Former U.S. Ambassador to the United Nations Richard Holbrooke used a phrase I love when it comes to changing our thinking about how things have to be. In a 2004 interview in Leaders magazine the experienced diplomat was asked about people in the world he most admired. He replied, “The greatest person I ever met, bar none, is Nelson Mandela, and I have gotten to know him very well. No man is perfect, not even Mandela, but he took history by the throat, seized it, and changed its course through a combination of moral authority, vision, strategic sense, practical genius, and a remarkable capacity for forgiveness toward the thugs who ran South Africa under Apartheid.”

It is time for us all to “take history by the throat” and change from a mindset that tells us the best predictor of the future is the past, an attitude that dooms us to being slaves of our history, to a transformed mindset that creates a future based upon what we envision for ourselves, our families, our communities and our world. A powerful vision that can change the course of history is being called for. We need to assume that “moral authority, vision, strategic sense, practical genius, and a remarkable capacity for forgiveness” toward the people running things so far.

Vaclav Havel, the artist who became president of the Czech Republic after the fall of the Soviet Union, has something powerful to offer us on this as well. He writes, “Planetary democracy does not yet exist but our global civilization is already preparing a place for it. It is the very Earth we inhabit linked with Heaven above us. Only in this setting can the mutuality and the commonality of the human race be newly created with reverence and gratitude for that which transcends each of us and all of us together.” This sounds incredibly similar to the vision of the framers of the Declaration of Independence and subsequently the U.S. Constitution which laid the foundation for the American Dream.
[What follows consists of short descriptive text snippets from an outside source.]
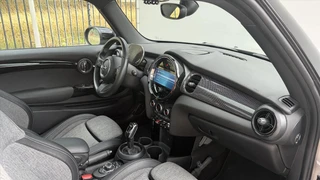 MINI Mini 3-Deurs (f56) 1.5 136pk Cooper l Automaat l Schuifkantel Pano Dak l / 28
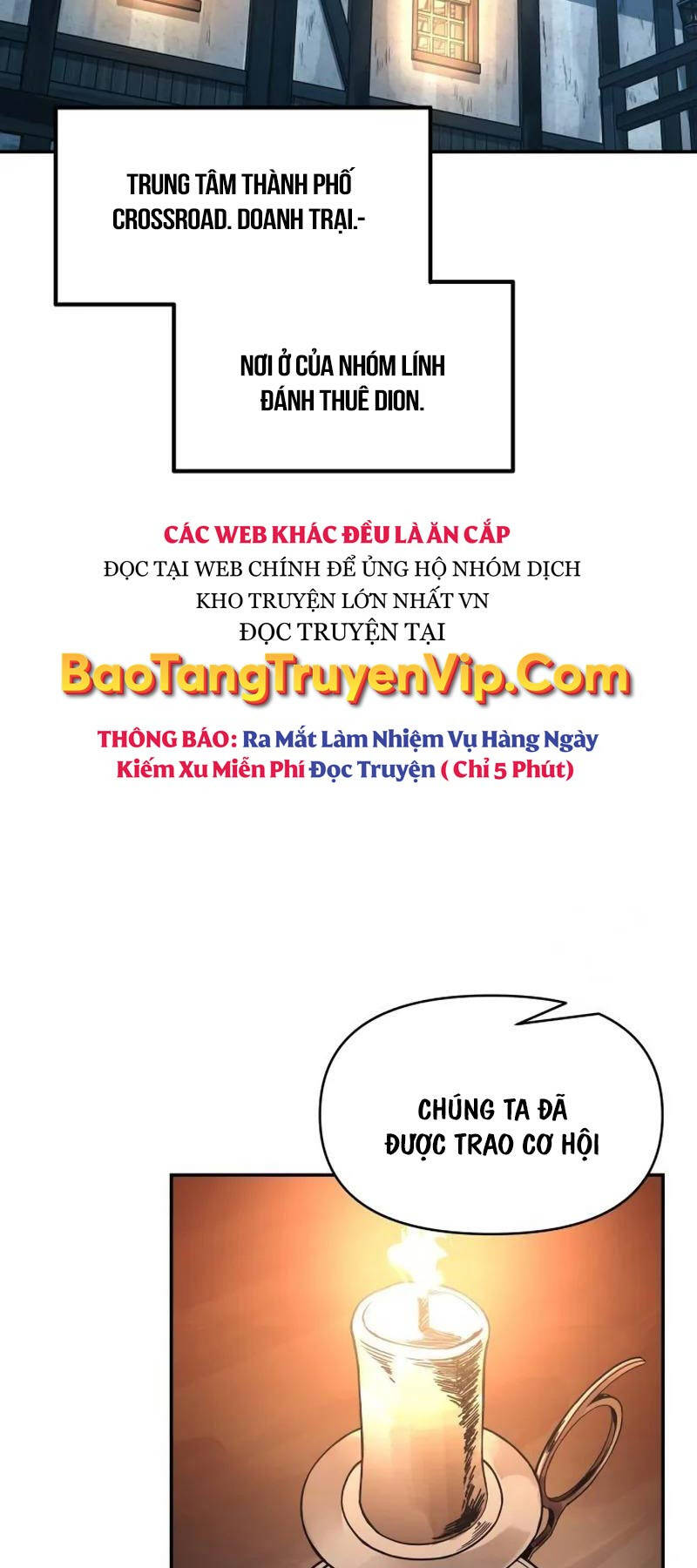 Trở Thành Hung Thần Trong Trò Chơi Thủ Thành Chapter 96 - Trang 19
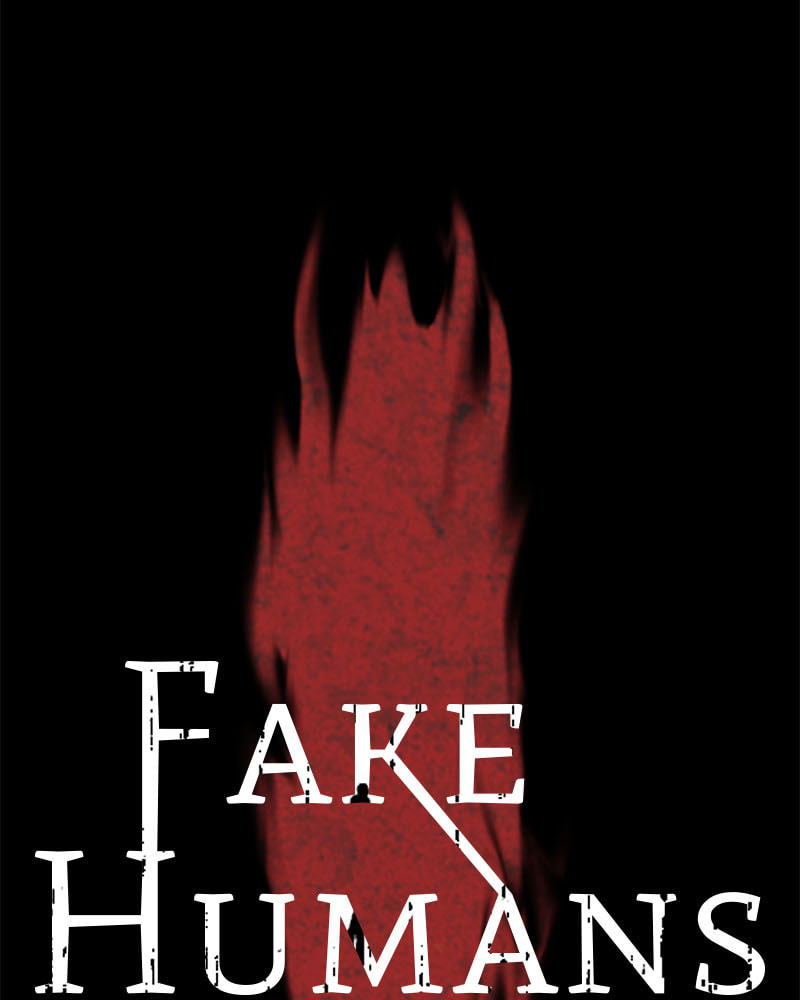 Fake Humans Chapter 8 page 12 -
It’s About “Livingry,” Stupid

Twenty five years ago, American futurist, architect and inventor R. Buckminster (“Bucky”) Fuller stated that it was now highly feasible to take care of everybody on Earth at a “higher standard of living than any have ever known.” Here we are decades later and we are still struggling with the same problems. He writes:

It no longer has to be you or me. Selfishness is unnecessary and henceforth unrationalizable as mandated by survival. War is obsolete….It is a matter of converting the high technology from weaponry to livingry. The essence of livingry is human-life advantaging and environment controlling. With the highest aeronautical and engineering facilities of the world redirected from weaponry to livingry production, all humanity would have the option of becoming enduringly successful.

All previous revolutions have been political–in them the have-not majority has attempted revengefully to pull down the economically advantaged minority. If realized, this historically greatest design revolution will joyously elevate all humanity to unprecedented heights.

Bucky’s term “livingry” signifies a new sort of revolution, not one steeped in guns and violence but one in which we take responsibility for the future we are leaving for our children.

Changing the Context

Let me say a few things about context, a subject that plays a key role in transformational change, the kind of change I’m referring to throughout this book. It might be useful to define it since it has come to be so widely misused by so many. Context is the mental framework from which we think.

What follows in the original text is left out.